As concerns the second aspect, why is any “claim grounded in the fundamental Charter freedom of expression” barred, even precluding a challenge that the “government has either substantially interfered with freedom of expression”, or had “the purpose of interfering with freedom of expression?” Why is it that fundamental constitutional standards and principles may not extend to situations where the ‘platform’ afforded by   the law is made to shrink midway to nearly half its original size? What indeed justifies the Court saying that: “In the context of a positive claim, only extreme government action that extinguishes the effectiveness of expression may rise to the level of a substantial interference with freedom of expression”?

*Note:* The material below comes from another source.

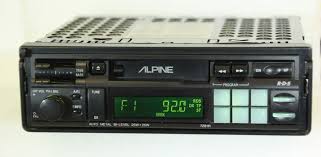 Pin By Spencer Thomas On Vintage Car Radios Car Stereo Car Audio Alpine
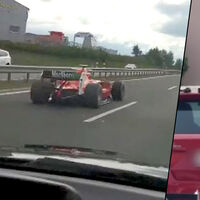 Han arrestado al piloto 'fantasma' que conducía por la autovía con un monoplaza: han hecho falta seis años, decenas de patrullas y un helicóptero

The dissent, rightly, asserts that any such  “state interference with individual and collective political expression in the context of an election strikes at the heart of the democratic values that freedom of expression seeks to protect, including participation in social and political decision-making”. The “core of political expression” (the “rights of candidates and voters to meaningfully express their views and engage in reciprocal political discourse on the path to voting day”) constitutes also the “core of what is protected by S. 2(b) of the Charter”. As it correctly emphasizes: “The redrawing of ward boundaries meant that candidates needed to reach new voters with new priorities” and voters “who had received campaign information, learned about candidates’ mandates and engaged with them based on the 47-ward structure had their democratic participation put into abeyance”. Besides, the “timing of the Act breathed instability into the election, undermining the ability of candidates and voters in their wards to meaningfully discuss and inform one another of their views on matters of local concern”.

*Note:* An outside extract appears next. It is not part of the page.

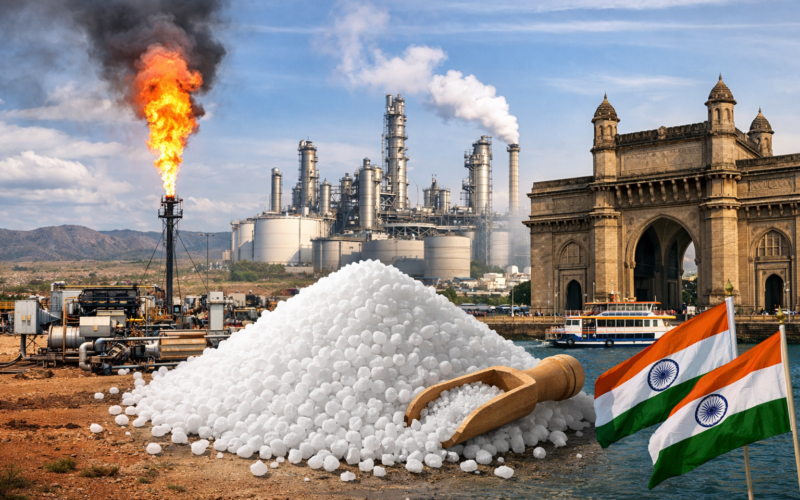 Representative image of an underground coal gasification and fertiliser production facility concept, reflecting the strategic partnership between NeuRizer Limited and Reliance Industries Limited to advance the Leigh Creek Urea Project and scale UCG technology for future fertiliser and energy applications.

The principles in the City of Toronto Case remain reiterative of the Indian doctrine and development enunciating the basic structure and essential features. The Canadian case clearly states that “to foreclose the possibility that unwritten principles can be used to invalidate legislation in all circumstances is imprudent” and this “not only contradicts the Court’s jurisprudence” but is “fundamentally inconsistent with the case law confirming that unwritten constitutional principles can be used to review legislation for constitutional compliance”. If that reviewing means upholding, revising or rejecting it”, how may the same authority not extend even more aptly to constitutional amendments?

—The author is an internationally-renowned law scholar, an acclaimed teacher and a well-known writer

1 See Upendra Baxi, “Constitutionalism as a Site of State Formative Practices”, Cardozo Law Review, 21:1183-1201 (2000.) For a recent development, see also, Upendra Baxi, “May Parliament Act as a Constituent Assembly?”, India Legal, August 28, 2021.

2 Scott Matthews, R. Michael McGregor, Laura B. Stepheson, “Conceptualizing Municipal Elections: The Case of Toronto 2018”, Urban Affairs Review, 1–28 (2021). In a study of survey responses from “voters and non-voters” in “eight of Canada’s largest cities: Vancouver, Calgary, Winnipeg, London, Mississauga, Toronto, Montreal, and Quebec City”) they ‘plumb’ the thesis that “local elections are based upon evaluations of the managerial competence of candidates, rather than ideology” and find it wanting.